Restate the records that follow word for word; no pictures should appear.

Short web captions
────────────────────────────────────────
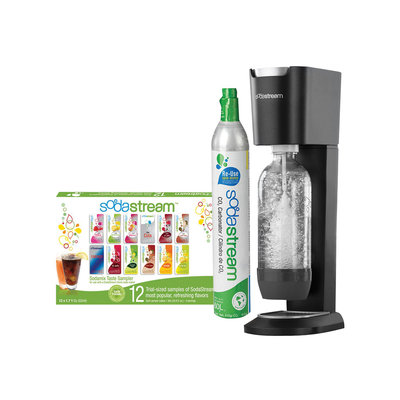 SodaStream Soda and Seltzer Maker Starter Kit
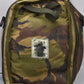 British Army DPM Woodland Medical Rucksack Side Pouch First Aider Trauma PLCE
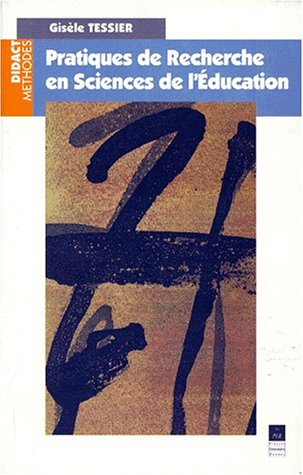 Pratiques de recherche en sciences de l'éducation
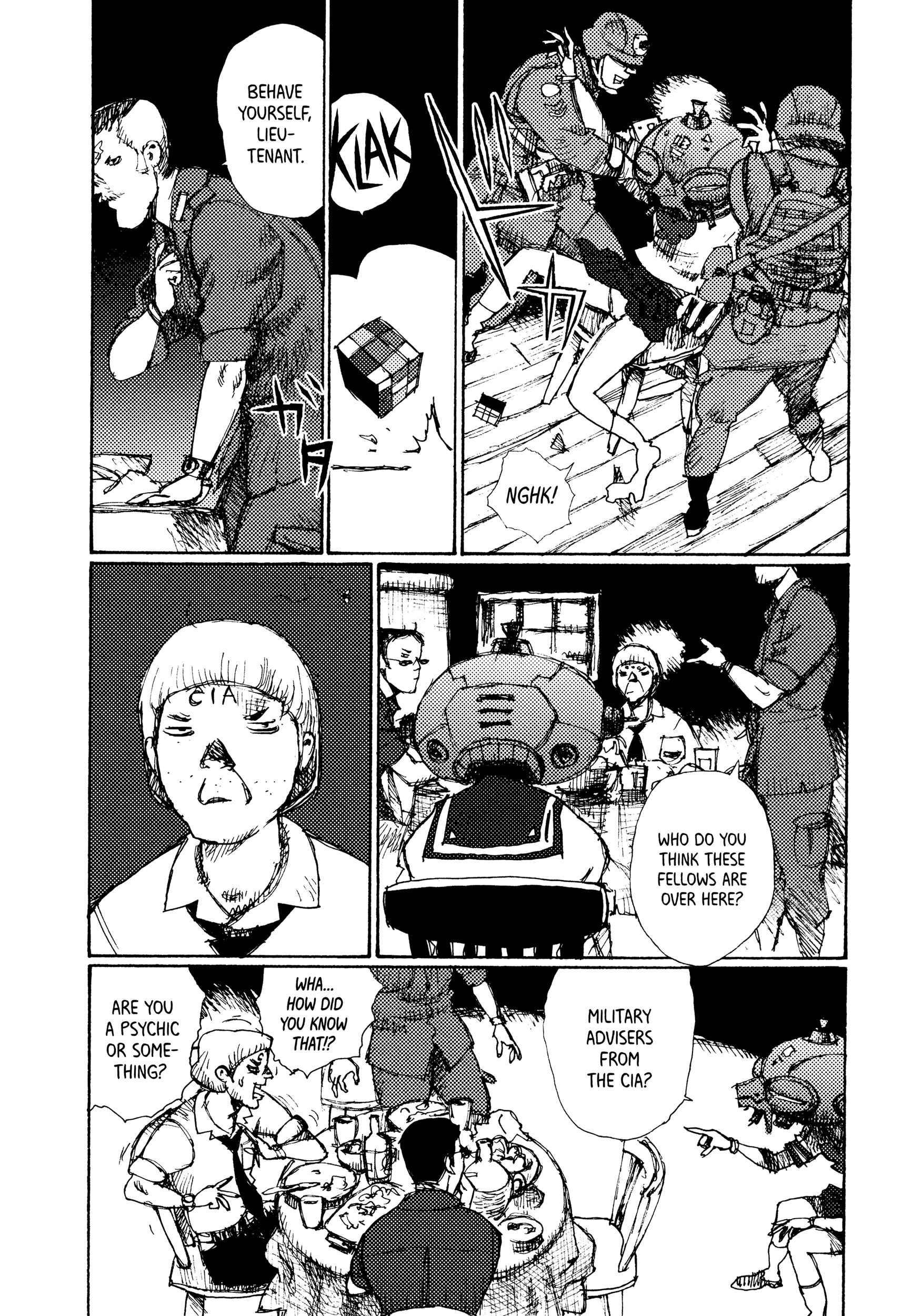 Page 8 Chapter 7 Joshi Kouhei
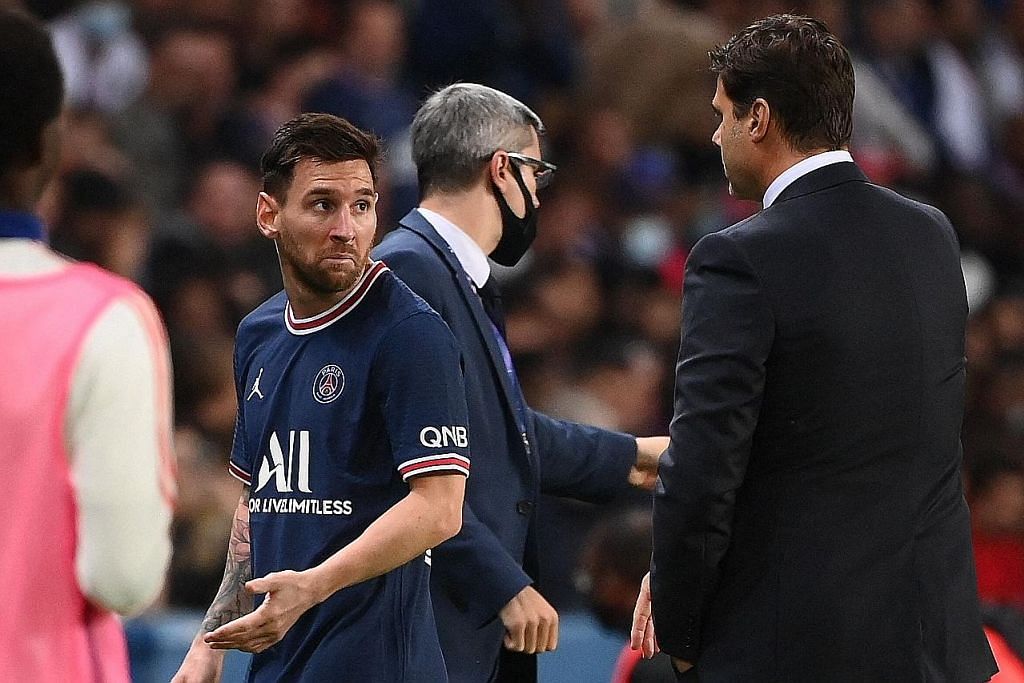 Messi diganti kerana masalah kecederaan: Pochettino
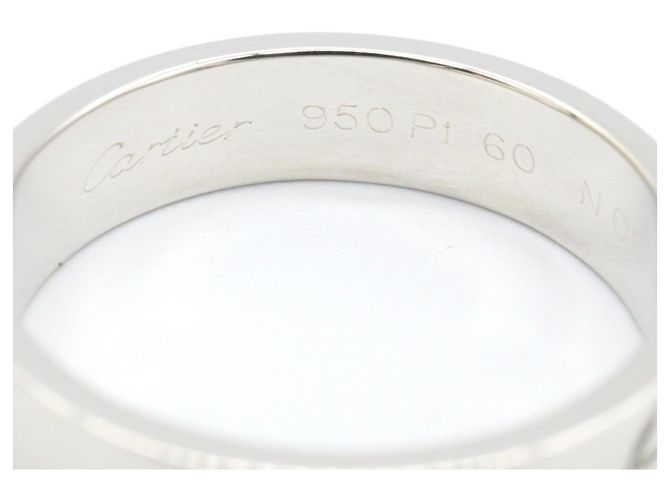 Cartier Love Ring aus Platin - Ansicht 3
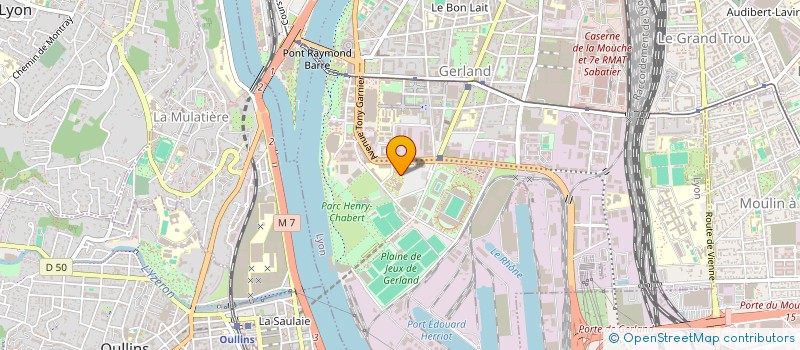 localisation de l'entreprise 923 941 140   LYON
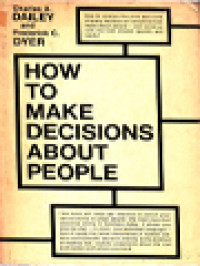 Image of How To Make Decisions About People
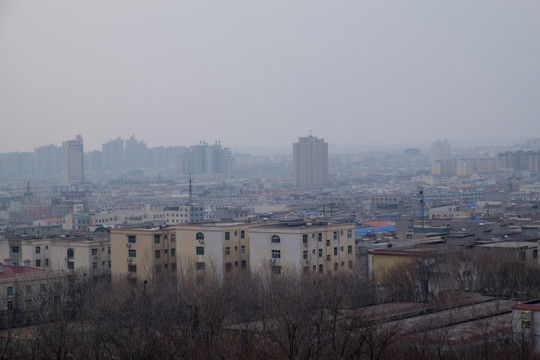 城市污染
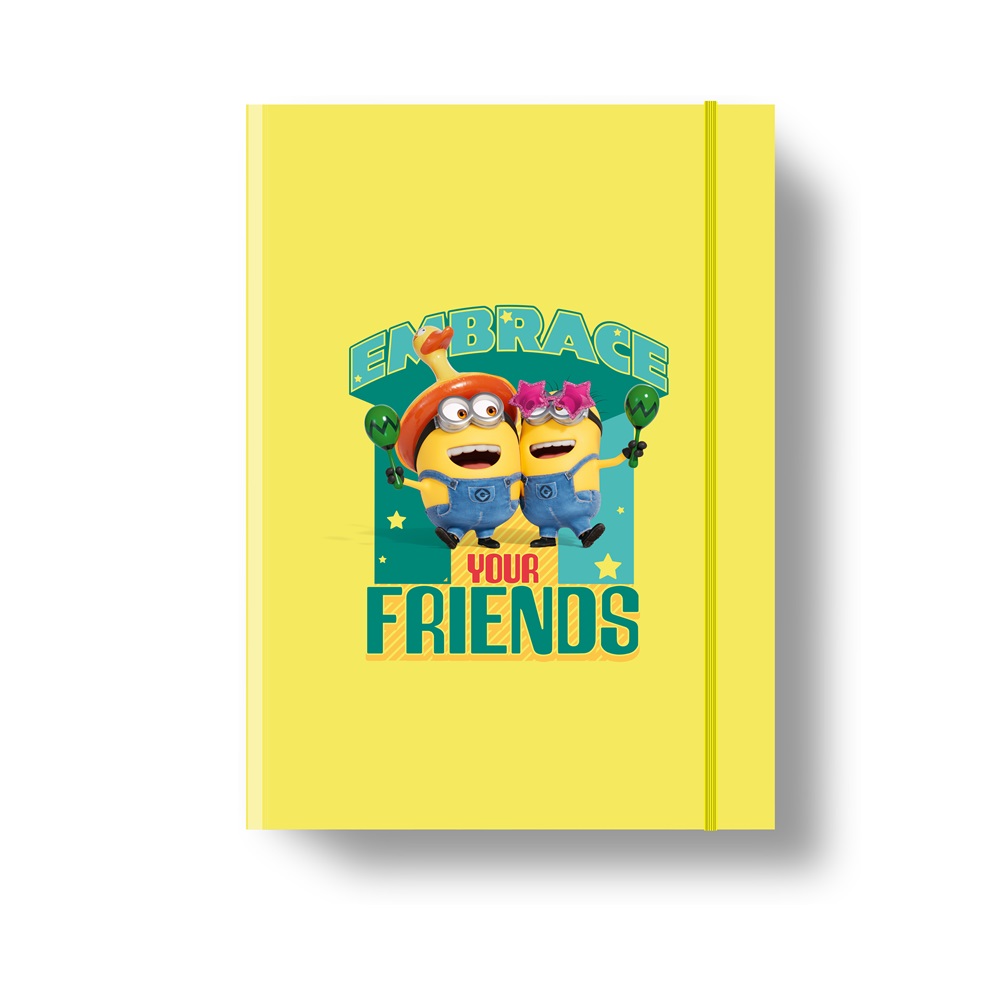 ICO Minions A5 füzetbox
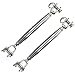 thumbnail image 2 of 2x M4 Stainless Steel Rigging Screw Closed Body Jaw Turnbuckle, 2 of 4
────────────────────────────────────────
* Response to the task *
 SodaStream Soda and Seltzer Maker Starter Kit
 British Army DPM Woodland Medical Rucksack Side Pouch First Aider Trauma PLCE
 Pratiques de recherche en sciences de l'éducation
 Page 8 Chapter 7 Joshi Kouhei
 Messi diganti kerana masalah kecederaan: Pochettino
 Cartier Love Ring aus Platin - Ansicht 3
 localisation de l'entreprise 923 941 140   LYON
 Image of How To Make Decisions About People
 城市污染
 ICO Minions A5 füzetbox
 thumbnail image 2 of 2x M4 Stainless Steel Rigging Screw Closed Body Jaw Turnbuckle, 2 of 4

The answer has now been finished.